In previously mentioned backwoods flicks, questions have always been raised about the “why” of their behavior. Hell, even Marilyn Burns‘s Sally infamously screeches at the Sawyer clan: “What the f*** is wrong with you people?” Okay, so multiple murders, incest, torture, and a litany of other depravities place this clan outside the realms of a normal family unit. Most viewers find it hard to comprehend why Leatherface wears masks made of human skin. That’s fine for Leatherface because he is not meant to be fully understood and that scares people. But what might be even scarier is if we did understand what drives a family of sadists. What makes the family in Frontier(s) so messed up and beyond redemption is the fact that the motivations behind their actions are rooted in the ideology of hatred. In many backwoods horrors, what motivates the monstrosity has never always been presented to the viewer with clarity and often the ambiguity of evil has been diluted by origin stories. It diminishes the power of the beast to have the reasoning for their rampages explained in minute detail.
Viewers often think of evil as an abstract thing, something hard to pin down and explain; but with this family, we witness how segregation, hate, and perversion have contributed to the formation of a truly nasty group. The family is a fantastic and terrifying unit, far more plausible than other horror movie murder families. Gens injects a real-world nastiness into the villains. These people are batshit and criminally insane. And yet, they care about each other and are capable of loving their kin. It may be in their own warped way, but it is also not showy and never delves too deep into the family’s fractured psychology.
Despite our disgust, Gens makes a concerted effort to humanize them. The spine-tingling moments of mutilation are tempered by the astute psychological dissection of the antagonists. The premise is unnervingly realistic: a German soldier evading capture during World War II and opening a business in France veers close to reality with many former Nazi officers slipping beneath the cracks and leading new lives after the war. Gens is looking at the possibility that one of these people continued their depraved legacy over four or five decades.
‘Frontier(s)’ Shares Similarities With ‘Inside’ And ‘Martyrs’
Frontier(s) is less well-known than Julien Maury and Alexandre Bustillo‘s Inside or Pascal Laugier‘s Martyrs. All these films focus on the brutal extremes of human evil, and the psychological and physical consequences of how we hurt each other. Unlike its American counterparts in torture porn, New French Extremity isn’t quite as polarized between good and evil. The bad versus good dichotomy that defines movies like Hostel and Wolf Creek is absent, for the most part. Instead, we have Beatrice Dalle‘s La Femme in Inside, who is terrifying initially only to gradually become more sympathetic. Or Lucie’s (Mylene Jampanoi) shocking mass murder in Martyrs’ opening scene — we are stunned into silence until we learn why she committed these crimes.

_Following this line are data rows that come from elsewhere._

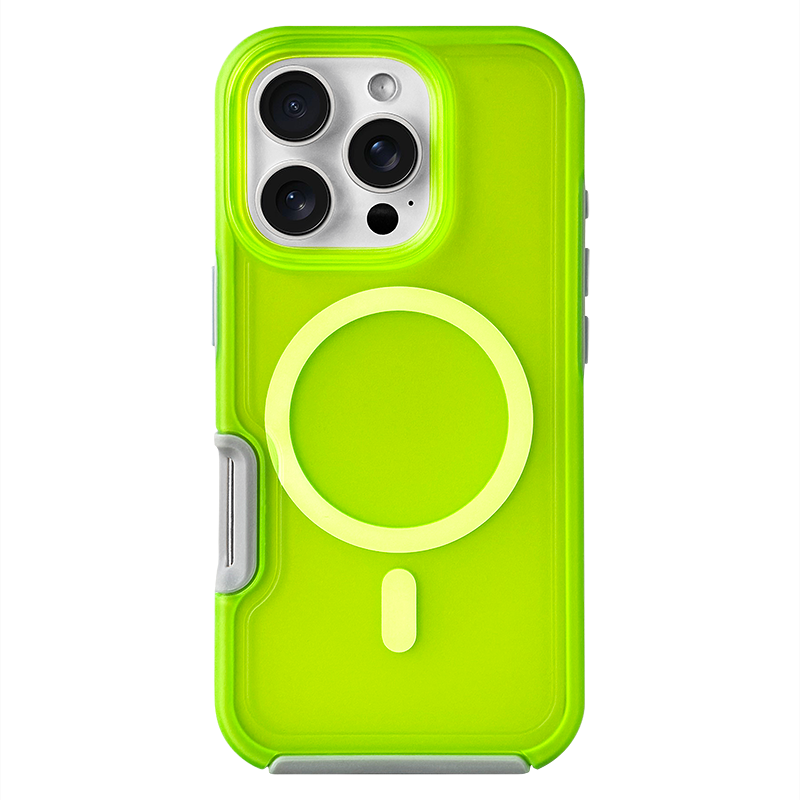 Premium Feeling Glitter iPhone 16ProMax Magnetic Phone Case for Apple MagSafe Fluorescent Green New Fashion Simple 15Plus Full Package 14 Drop Protection 13 Case
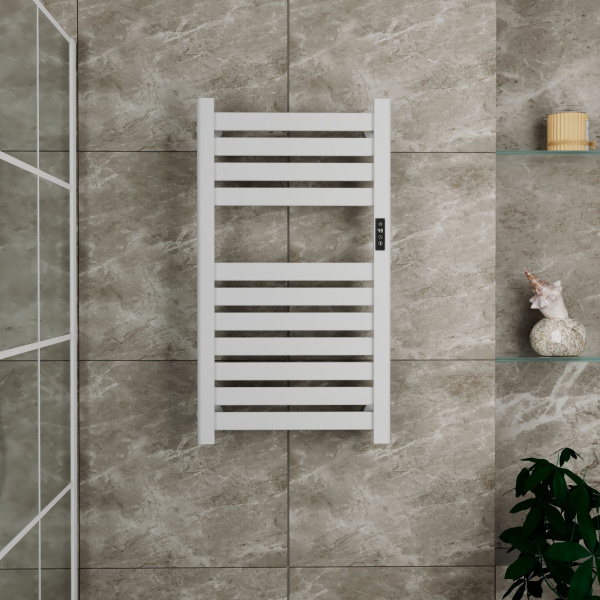 Полотенцесушитель дизайнерский электрический BAU Elite Elegant White 80х45, подключение справа, белый матовый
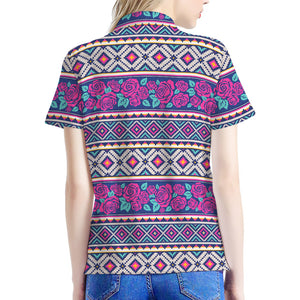 Native Tribal Ethnic Rose Pattern Print Women's Polo Shirt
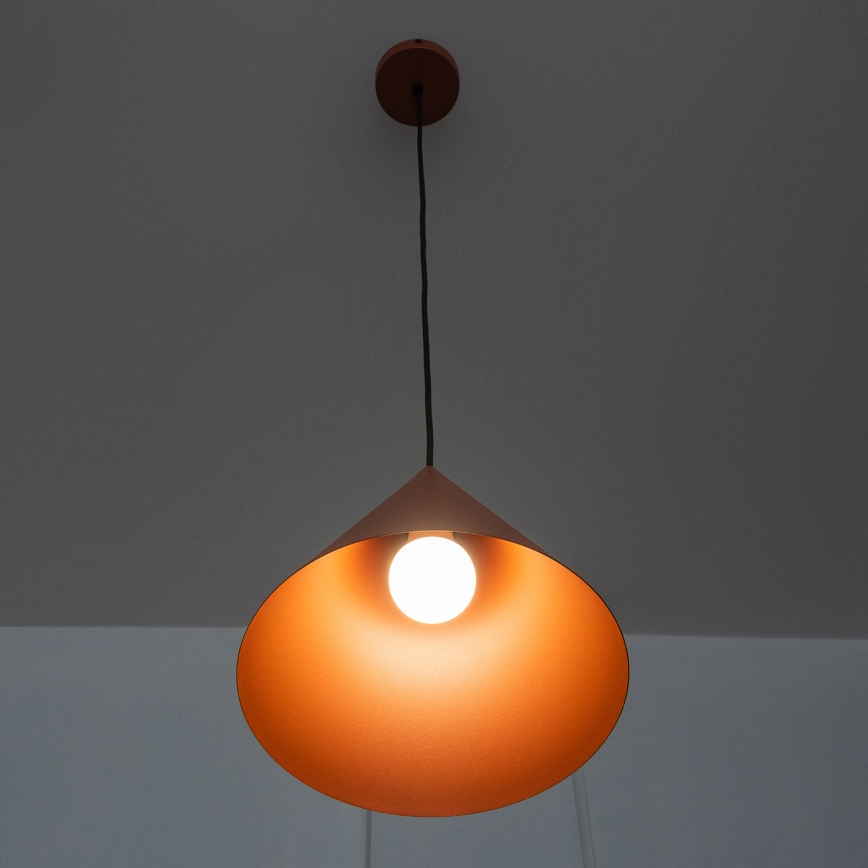 Lampada a sospensione con cavo ETNA 1xE27/15W/230V Ø 25 cm arancione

The New French Extremity genre largely has a preoccupation with human pain and how it fuels the behavior of many of the characters in this subgenre. Jasmine is conflicted about her pregnancy in Frontier(s) and it is the pain of losing her brother and the possible loss of her baby driving her to carry out unspeakable acts of violence. La Femme and Lucie are driven by the need to exact revenge and to hell with the consequences, a result of pain and trauma. In horror, the people occupy an interstitial and amplified space divorced from real life, in French horror cinema, the directors are utilizing the genre for catharsis.